File ./data/shakespeare-works.txt contains 124787 lines


* Takes the length of each line in the file and find the maximum line length.
* Again, this action forces Spark to read the file.

In [4]:
maxlen = textFile.map(lambda s: len(s)).max()
print("Maximum line length is {0}".format(maxlen))

Maximum line length is 85


##Create a simple Python function to count words in a string

* We will use these functions when we process the Spark RDDs below.
* The `extract_words()` function is pretty basic and we could probably refine this with a better regex, making it case-insensitive etc.

In [5]:
# Import regular expression library
import re

def extract_words(s):
    """Split input string into words using RE"""
    return re.split('\W+', s)

def count_words(s):
    """Split input string into words using RE and return count"""
    words = extract_words(s)
    return len(words)

Test the count_words function with a simple string:

In [6]:
s = "why hello there, Old old chap"
print("String '{0}' contains {1} words".format(s, count_words(s)))

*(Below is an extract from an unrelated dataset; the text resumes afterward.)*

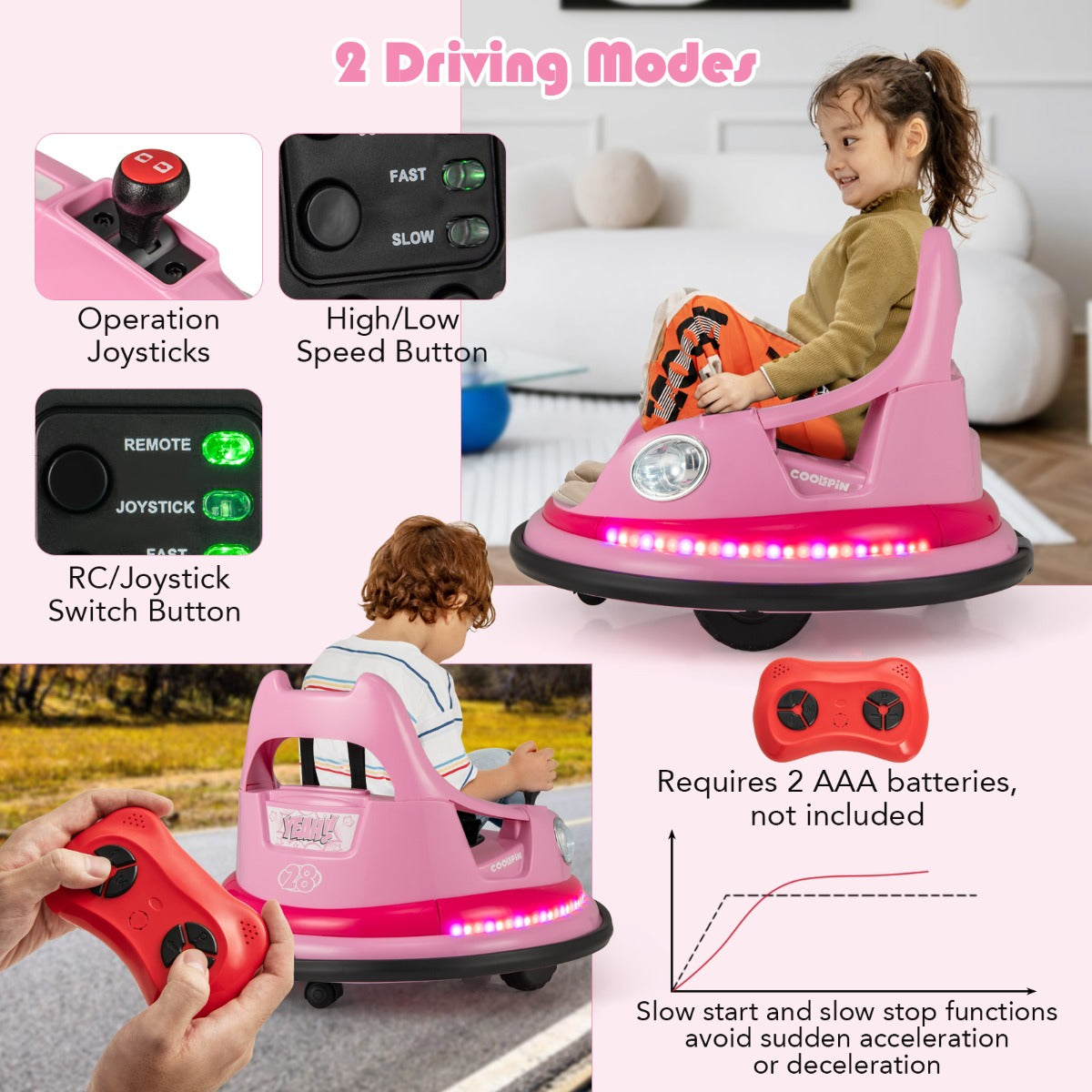 Livsk costway 12v kinderauto elektrische botsauto met afstandsbediening en dubbele joysticks roze 3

String 'why hello there, Old old chap' contains 6 words


##Use your custom Python function with your Spark RDD

Now we can use this custom function in the standard RDD map() function:

In [7]:
wordsPerLine = textFile.map(lambda s: count_words(s))

In [8]:
print("Maximum number of words in a line is: {0}".format(wordsPerLine.max()))

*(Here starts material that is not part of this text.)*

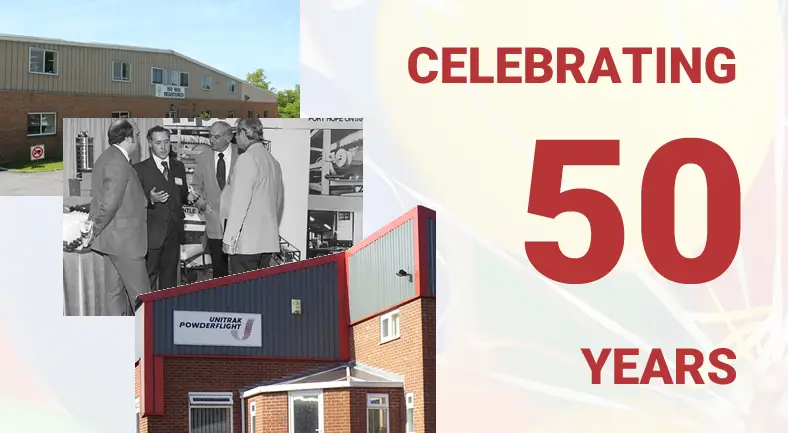 Our Company - Company Timeline 2019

Maximum number of words in a line is: 19


##Do some classic word-count stuff

* Each line in the text file is read and converted into a list of words.
* The word-lists for the separate lines are then *flattened* into a single list of words.
* We then do the classic word-count **`map`** operation i.e. spit out a pair of (word, 1) for each word in the list.
* Now we **`reduce`** the list of (word, 1) tuples, grouping them by the key (word), and adding up all the 1's for each word.
* This gives as a **tuple of (word, count)** for each distinct word in the original text.

In [9]:
# Generate word counts as another RDD
countsRDD = textFile.flatMap(lambda line: extract_words(line.lower())) \
            .filter(lambda word: len(word)>0) \
            .map(lambda word: (word, 1)) \
            .reduceByKey(lambda a, b: a + b) 

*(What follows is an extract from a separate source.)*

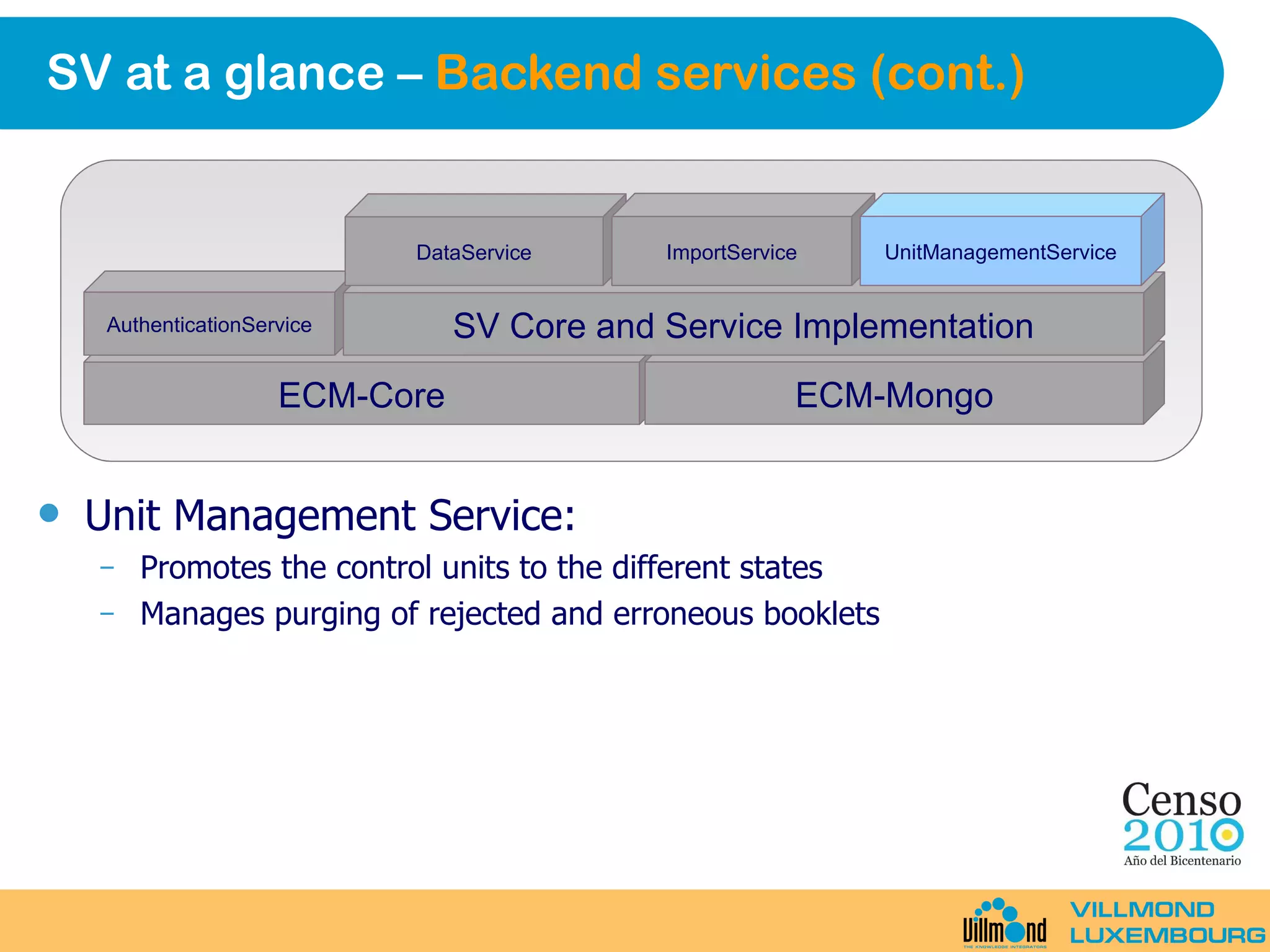 SV at a glance –  Backend services (cont.) Unit Management Service: Promotes the control units to the different states Manages purging of rejected and erroneous booklets ECM-Core ECM-Mongo AuthenticationService SV Core and Service Implementation DataService ImportService UnitManagementService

* We might choose to cache this RDD in Spark, so that we can re-use the RDD in different places later on without having to re-generate the data.

In [10]:
countsRDD.cache()

PythonRDD[10] at RDD at PythonRDD.scala:42

###Find N most common words in text

* Spark likes working with [key-value pairs](http://spark.apache.org/docs/1.2.0/programming-guide.html#working-with-key-value-pairs) and our tuples are (key, value) pairs of **(word, count)**, i.e. the key is **word**.
* But we now want to sort them in order of **count** to get the most/least common words.
* The easy way to do this is to flip the tuples around as (count, word), then sort them by their key (count).
* Then we just `take` the required number of items off the sorted list.

In [11]:
# Find N most common words by count
n = 10
mostcommon = countsRDD \
           .map(lambda (w,c):(c,w)) \
           .sortByKey(ascending=False) \
           .take(n)

In [12]:
print("Most common {0} words\n====================".format(n))
for (c, w) in mostcommon:
    print("{0} : {1}".format(w, c))

Most common 10 words
the : 27843
and : 26847
i : 22538
to : 19882
of : 18307
a : 14800
you : 13928
my : 12490
that : 11563
in : 11183


###Find N least common words in text

* Same principle as above.

In [13]:
# Find N least common words by count
n = 10
leastcommon = countsRDD \
           .map(lambda (w,c):(c,w)) \
           .sortByKey(ascending=True) \
           .take(n)

In [55]:
print("Least common {0} words\n=====================".format(n))
for (c, w) in leastcommon:
    print("{0} : {1}".format(w, c))

Least common 10 words
aided : 1
gag : 1
cxsar : 1
pretended : 1
conjuring : 1
offendeth : 1
reposeth : 1
rupture : 1
swoopstake : 1
digit : 1


##Clean-up

In [56]:
# Release the cache:
countsRDD.unpersist()

PythonRDD[97] at RDD at PythonRDD.scala:43

#*That's all, folks!*